Na sali sadowej nie było nikogo reprezentującego tysiące niewinnie skazanych. Nie dopuszczono do udziału żadnego adwokata, mecenasa, żadnego ze znanych prawników, którzy sporządzili druzgocące opinie o ustawie. Nie został zaproszony także Rzecznik Praw Obywatelskich, który prezentował równie krytyczne stanowisko. Co najciekawsze, nie był obecny nawet przedstawiciel Sądu Okręgowego w Warszawie, który zadał TK pytania w tej sprawie sugerujące, że chyba ma jakieś wątpliwości.

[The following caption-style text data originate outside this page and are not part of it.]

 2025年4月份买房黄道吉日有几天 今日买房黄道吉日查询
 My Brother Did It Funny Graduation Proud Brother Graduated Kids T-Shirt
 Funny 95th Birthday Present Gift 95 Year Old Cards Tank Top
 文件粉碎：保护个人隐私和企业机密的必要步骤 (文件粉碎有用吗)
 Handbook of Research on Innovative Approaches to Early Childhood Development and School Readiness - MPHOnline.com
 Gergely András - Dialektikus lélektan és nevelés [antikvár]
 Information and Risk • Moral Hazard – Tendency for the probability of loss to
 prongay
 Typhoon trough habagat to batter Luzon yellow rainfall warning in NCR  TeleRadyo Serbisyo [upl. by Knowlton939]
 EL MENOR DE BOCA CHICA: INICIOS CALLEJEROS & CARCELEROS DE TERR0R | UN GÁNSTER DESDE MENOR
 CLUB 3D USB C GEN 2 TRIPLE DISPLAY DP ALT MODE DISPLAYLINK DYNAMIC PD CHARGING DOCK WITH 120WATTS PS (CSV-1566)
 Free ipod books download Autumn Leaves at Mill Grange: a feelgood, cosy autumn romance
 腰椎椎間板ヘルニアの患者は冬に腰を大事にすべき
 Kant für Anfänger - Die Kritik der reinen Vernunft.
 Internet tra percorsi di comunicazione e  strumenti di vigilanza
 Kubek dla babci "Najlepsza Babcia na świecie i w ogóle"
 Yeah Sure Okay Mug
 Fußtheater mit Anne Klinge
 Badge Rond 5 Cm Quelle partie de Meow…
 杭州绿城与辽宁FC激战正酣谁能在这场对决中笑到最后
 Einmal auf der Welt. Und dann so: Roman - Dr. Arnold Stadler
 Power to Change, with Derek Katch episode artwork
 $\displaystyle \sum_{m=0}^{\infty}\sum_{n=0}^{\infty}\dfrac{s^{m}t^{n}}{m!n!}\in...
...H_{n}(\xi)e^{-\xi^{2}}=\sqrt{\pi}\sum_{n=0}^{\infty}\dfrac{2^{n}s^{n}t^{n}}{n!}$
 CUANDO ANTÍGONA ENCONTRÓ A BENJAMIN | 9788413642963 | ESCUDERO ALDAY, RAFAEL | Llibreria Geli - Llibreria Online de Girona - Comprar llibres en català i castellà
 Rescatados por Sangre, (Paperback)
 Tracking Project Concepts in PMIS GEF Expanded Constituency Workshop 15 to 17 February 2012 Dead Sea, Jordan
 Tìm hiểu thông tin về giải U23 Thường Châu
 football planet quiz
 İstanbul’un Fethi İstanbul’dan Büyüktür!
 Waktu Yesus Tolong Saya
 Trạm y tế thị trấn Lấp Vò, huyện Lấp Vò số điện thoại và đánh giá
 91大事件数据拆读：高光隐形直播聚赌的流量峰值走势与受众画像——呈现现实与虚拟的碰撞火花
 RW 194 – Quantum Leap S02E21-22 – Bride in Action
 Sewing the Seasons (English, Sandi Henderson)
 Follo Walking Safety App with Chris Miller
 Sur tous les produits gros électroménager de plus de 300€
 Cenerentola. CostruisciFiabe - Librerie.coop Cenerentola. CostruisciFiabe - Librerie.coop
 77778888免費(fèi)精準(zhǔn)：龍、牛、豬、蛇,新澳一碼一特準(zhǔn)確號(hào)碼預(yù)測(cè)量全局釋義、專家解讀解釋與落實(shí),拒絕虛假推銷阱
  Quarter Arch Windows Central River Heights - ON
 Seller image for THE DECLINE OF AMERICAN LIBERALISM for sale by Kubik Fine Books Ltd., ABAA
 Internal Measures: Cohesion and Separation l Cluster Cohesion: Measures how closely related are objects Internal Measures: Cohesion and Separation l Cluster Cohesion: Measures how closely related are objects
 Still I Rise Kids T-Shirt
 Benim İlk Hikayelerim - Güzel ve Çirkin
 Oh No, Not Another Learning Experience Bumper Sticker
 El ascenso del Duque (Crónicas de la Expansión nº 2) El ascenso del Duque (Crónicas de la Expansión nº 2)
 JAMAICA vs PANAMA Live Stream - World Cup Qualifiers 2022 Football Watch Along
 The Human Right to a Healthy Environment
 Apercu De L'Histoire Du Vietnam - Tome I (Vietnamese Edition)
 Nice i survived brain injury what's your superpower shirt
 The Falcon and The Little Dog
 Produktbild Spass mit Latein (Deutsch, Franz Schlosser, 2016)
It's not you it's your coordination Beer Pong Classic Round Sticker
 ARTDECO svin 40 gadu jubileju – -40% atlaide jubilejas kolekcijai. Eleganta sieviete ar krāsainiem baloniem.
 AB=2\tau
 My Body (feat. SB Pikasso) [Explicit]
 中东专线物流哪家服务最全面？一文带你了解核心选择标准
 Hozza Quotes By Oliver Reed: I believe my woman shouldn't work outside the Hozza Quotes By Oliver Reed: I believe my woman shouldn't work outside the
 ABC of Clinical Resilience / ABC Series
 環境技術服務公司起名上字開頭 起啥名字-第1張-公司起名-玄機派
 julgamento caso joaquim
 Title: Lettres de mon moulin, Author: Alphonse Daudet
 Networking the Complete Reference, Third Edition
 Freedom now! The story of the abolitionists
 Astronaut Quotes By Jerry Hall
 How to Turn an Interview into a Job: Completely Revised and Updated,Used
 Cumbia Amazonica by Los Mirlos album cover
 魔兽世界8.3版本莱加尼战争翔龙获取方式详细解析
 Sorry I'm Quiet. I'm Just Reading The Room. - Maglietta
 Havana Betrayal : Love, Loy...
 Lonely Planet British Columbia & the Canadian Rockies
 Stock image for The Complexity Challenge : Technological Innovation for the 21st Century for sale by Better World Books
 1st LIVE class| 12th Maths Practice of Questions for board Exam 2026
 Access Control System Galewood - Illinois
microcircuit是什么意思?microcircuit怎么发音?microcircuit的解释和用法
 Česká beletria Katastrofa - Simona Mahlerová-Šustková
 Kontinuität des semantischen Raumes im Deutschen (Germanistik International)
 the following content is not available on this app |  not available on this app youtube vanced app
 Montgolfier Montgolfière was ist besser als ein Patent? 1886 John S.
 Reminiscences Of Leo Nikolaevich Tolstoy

Okazało się, że SO wcale nie jest ciekaw odpowiedzi, a swe pytania sformułował tylko po to, aby pani prezes Przyłęcka mogła  przeciągać procedury tak długo, jak długo będzie to kotu sprawiało satysfakcję.

Aby wyrównać niedobór obrońców w nadmiarze pojawili się za to oskarżyciele reprezentujący PiS-owski Sejm oraz PiS-owskie Ministerstwo Sprawiedliwości. Nikt przy tym nie miał wątpliwości, że przewodnicząca rozprawie prezes TK całkowicie podziela ich poglądy, więc warunki historycznej rekonstrukcji sadu w państwie totalitarnym były doskonale spełnione. Trzeba jednak przyznać, że wystąpienia oskarżycieli nie były porywające i chyba oni sami nie czuli się najlepiej w roli jaką im przypisano. Najcięższym sformułowanym przez nich zarzutem okazało się stwierdzenie, że osoby represjonowane i ich rodziny uzyskały swe renty i emerytury „w sposób niegodziwy”.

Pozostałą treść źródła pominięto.